Residents at Edmonton General receive special valentines from Lynnwood School
Seniors wish program celebrates 150th dream
Valentine’s Day called for a special delivery and over 500 residents at the Edmonton General Continuing Care Centre received handmade valentines from students at Lynnwood School.
“I got two valentines,” said Dzintara (Annie) Stals, resident. “I have pictures in my room and I’ll put the valentines in my room too.” She added that the day’s event is “something to talk about, something to think about.”
Students from grades three through to six dashed through the halls in groups as they delivered their cards and mingled with residents across the units.
“I went with volunteers and we helped them deliver valentines to seniors,” said Zeeshan Hooda, grade five student. “We try to make their day better by interacting with them and just making them feel good.”
“We don’t usually see seniors and this is a great opportunity to share warm greetings for Valentine’s Day,” said Justine David, grade six student and first year member of the student council.
Second Wind Dreams has granted Valentine’s Day wishes on a smaller scale, for one or two units. This year, instead of just a few people getting something special, program organizers thought it would be nice for everyone to have their heart touched on Valentine’s Day.
“One of the things that is consistent throughout the wishes is that residents like being around kids. So this year we looked into collaborating with a school and making valentines for everyone,” said Diane Berge, co-chair of the Second Wind Dreams program.
The Valentine’s Day cards were made by students in the entire school. Six parent volunteers and 34 students visited seniors on February 13, 2012 to personally deliver the cards. This is the first time Lynnwood School has partnered with the Second Wind Dreams program.
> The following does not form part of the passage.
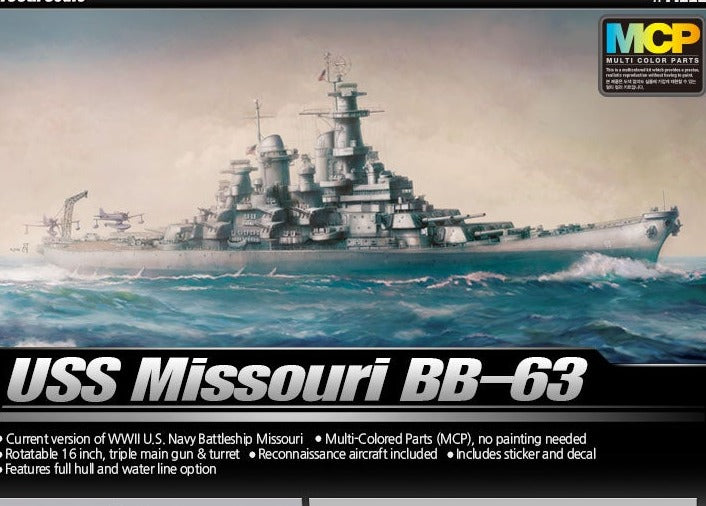 USS MISSOURI BB-63 1/700 LUNGH 385 mm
“I want the students to have a sense of connection to their community and developing citizenship. There are a lot of people out there they can interact with and make those connections with, said Lana Nordmark, grade five and six teacher at Lynnwood School. “And I think it’s of more value that the students came out to personally deliver the cards instead of just making valentines cards for someone who’s anonymous. It’s important to really put a face to that and be able to build those positive relationships with all ranges of people and not just their peer group.”
This is the 150th wish Second Wind Dreams has granted at the Edmonton General since the program started at the continuing care centre in 2006. The program has evolved over the years to meet the needs of residents. The Second Wind Dreams committee, a group of volunteers, encourages residents’ family members, staff and volunteers to offer suggestions and ideas to make life more special, more fun for residents.
“It’s very family and community driven. Second Wind Dreams is operated by volunteers and all proceeds go toward facilitating and granting wishes for residents,” said Diane. “There are members who have lost their loved ones over the years but they still volunteer here all the time. It’s that kind of community that makes it a little better.”
“I think it’s of great value and I would encourage not just Lynnwood School but any school to be making those connections with the seniors within our community. I think that they have valuable information and life lessons for future generations,” said Lana.
Second Wind Dreams is a program at the Edmonton General that aims to brighten resident’s days by granting wishes.
Edmonton General Continuing Care Centre provides around-the-clock nursing care and support to a large community of continuing care residents. The facility also provides the local community with palliative and sub-acute care services, and a Centre for Lung Health.